In contrast to the strong transgenerational effects on WAT depot size, effects on body weight in both males and females were less pronounced in these 8-week-old animals. F1 animals showed very modest effects in body weight, with ROSI exposure leading to a slight increase in males and exposure to the highest dose of TBT (542 nM) leading to a slight (but not statistically significant) decrease in females [see Supplemental Material, Figure S3 (http://dx.doi.org/10.1289/ehp.1205701)]. Animals in the TBT exposure groups exhibited significant differences in body weight in F2 males but not females. F3 males showed a slight decrease in body weight at the lowest dose of TBT (5.42 nM), and females showed a slight increase at 54.2 and 542 nM. Overall, we conclude that the effects on body weight at 8 weeks of age are modest, except for F2 males, probably because these animals are young and were maintained on normal chow.
Effects on depot size, adipocyte size, and the number of cells in BAT were modest in both males and females.
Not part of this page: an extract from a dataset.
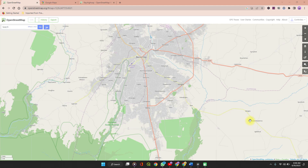Hello and welcome to Special Data Hub. In this video, I'm going to show you how you can add points of interest, building locations, and roads to the OpenStreetMap database.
We observed a trend toward decreased BAT weight in all three generations of both males and females that rarely reached statistical significance in TBT-exposed animals [Figure 1A; see also Supplemental Material, Figure S2A (http://dx.doi.org/10.1289/ehp.1205701)]. There was an accompanying increase in the area covered by lipid vesicles in F1, F2, and F3 males (although not in all TBT exposure groups) and in F1 females (Figure 1B; see also Supplemental Material, Figure S2B). Histological analysis showed large vesicles in BAT from TBT-exposed animals but not in animals exposed to DMSO or ROSI (see Supplemental Material, Figure S1). In males, we observed a trend toward reduced numbers of brown adipocytes in all three generations (only significant in F2; Figure 1C), whereas females showed strong changes in the number of cells only in F2 animals (see also Supplemental Material, Figure S2C).
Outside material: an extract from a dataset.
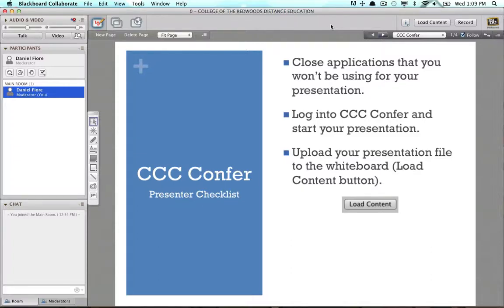Hi, this is the CCC Confer presenter checklist. This video is just going to take you through the typical steps you would take to get going with a presentation in CCC Confer. There will be more detailed videos on scheduling meetings and the interface for presenters and viewers in other videos, but this is the presenter checklist, so here we go.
TBT exposure causes transgenerational reprogramming of MSCs to favor the adipocyte lineage. MSCs are found in many tissues in the body, including bone marrow and adipose tissues. Depending on the stimuli they receive from surrounding cells or in culture, MSCs can differentiate into a variety of specialized cells, such as osteoblasts, adipocytes, chondrocytes, or myocytes, among others (reviewed by Pittenger et al. 1999). We previously showed that MSCs from mice exposed in utero to TBT were predisposed to differentiate into adipocytes at the expense of osteoblasts (Kirchner et al. 2010). To ascertain whether this effect is transmitted to the offspring of exposed animals, we analyzed the mRNA levels of a panel of adipogenic and osteogenic markers in MSCs obtained from the bone marrow of F1, F2, and F3 mice.
Early markers of enhanced adipogenic fate tested included Zfp423, a transcriptional regulator of preadipocyte determination thought to function by inducing PPARγ expression (Gupta et al. 2010); PPARγ, considered to be the master regulator of adipogenesis (Tontonoz and Spiegelman 2008); and Fabp4, a preadipocyte marker whose gene is a direct PPARγ target (Burris et al. 1999; Ibrahimi et al. 1994). Pref-1 is an inhibitor of adipocyte differentiation (Sul et al. 2000) previously shown to be down-regulated by obesogen exposure in MSCs (Kirchner et al. 2010; Li et al. 2011, 2012). We also analyzed LPL, an adipogenic marker that functions to hydrolyze triglyceride bonds in lipoproteins, generating free fatty acids that can be taken up by cells and stored as triacylglycerols after esterification. LPL is also expressed in MSCs committed to the adipogenic lineage (Braun and Severson 1992).
QPCR analysis of bone marrow–derived MSCs revealed sharply increased expression of adipogenic markers and decreased expression of Pref-1 in males in the TBT exposure groups from all three generations, with the most dramatic effects in the F3 generation (Figure 2A). Data from MSCs from female mice largely followed the same trend, but the changes were less pronounced in F2 mice and somewhat variable depending on the TBT exposure group in F3 (Figure S4A). Similar to the effects seen in males, the decrease in Pref-1 expression was most pronounced in F3 [see Supplemental Material, Figure S4A (http://dx.doi.org/10.1289/ehp.1205701)].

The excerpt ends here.